ACTIVITY ▸ In the entries below, find the line with "Quality Inn Thomaston Экстерьер фото" and print exactly every line from there up to and including the line with "نشست معاون پیشگیری", with no other lines.

WORKING DATA ▸

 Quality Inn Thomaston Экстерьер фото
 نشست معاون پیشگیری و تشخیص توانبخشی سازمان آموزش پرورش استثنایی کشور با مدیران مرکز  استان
* * *
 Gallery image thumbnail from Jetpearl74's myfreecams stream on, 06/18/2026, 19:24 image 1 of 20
* * *
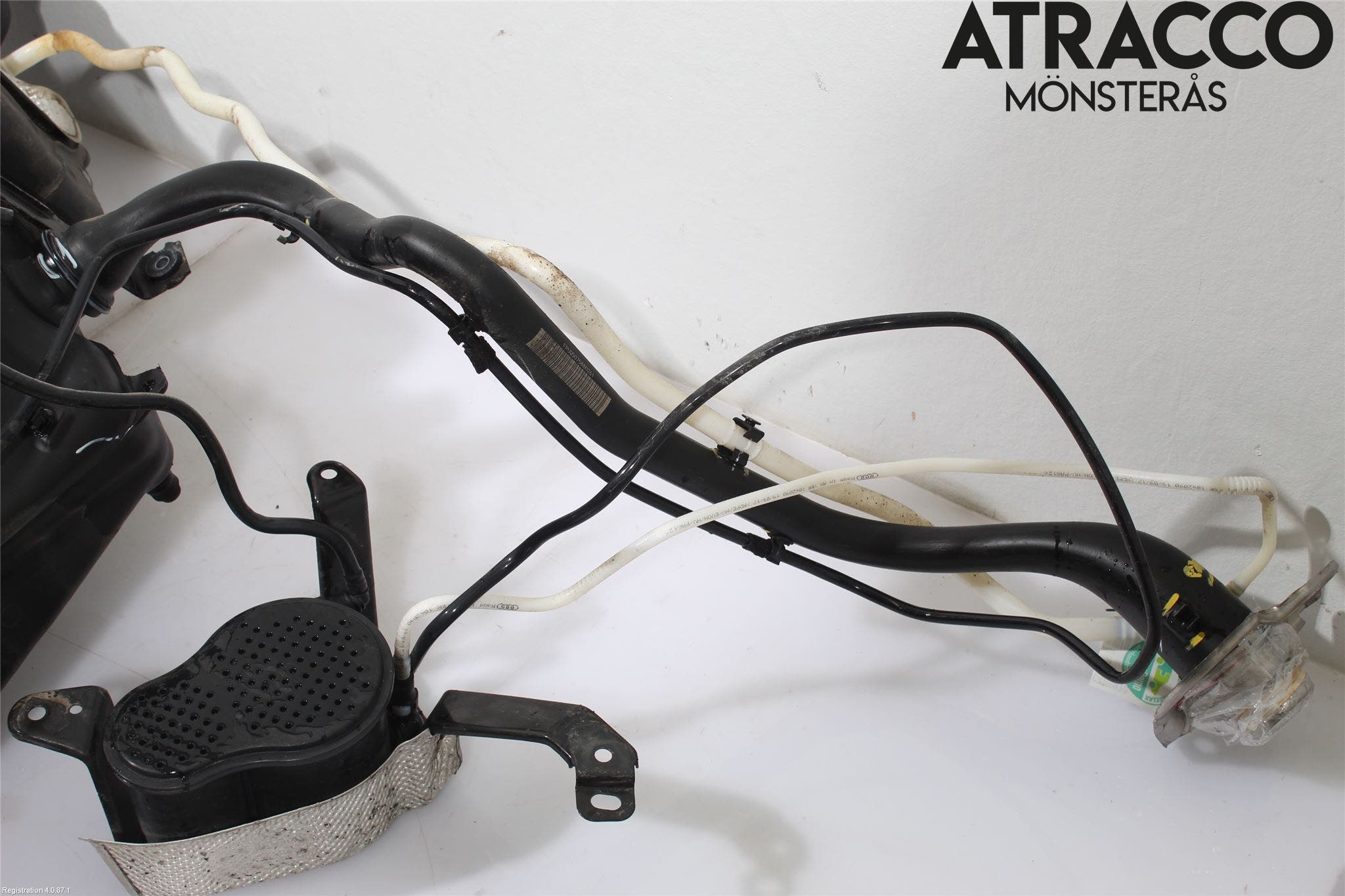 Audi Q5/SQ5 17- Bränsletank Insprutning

WRITTEN SOLUTION ▸
 Quality Inn Thomaston Экстерьер фото
 نشست معاون پیشگیری و تشخیص توانبخشی سازمان آموزش پرورش استثنایی کشور با مدیران مرکز  استان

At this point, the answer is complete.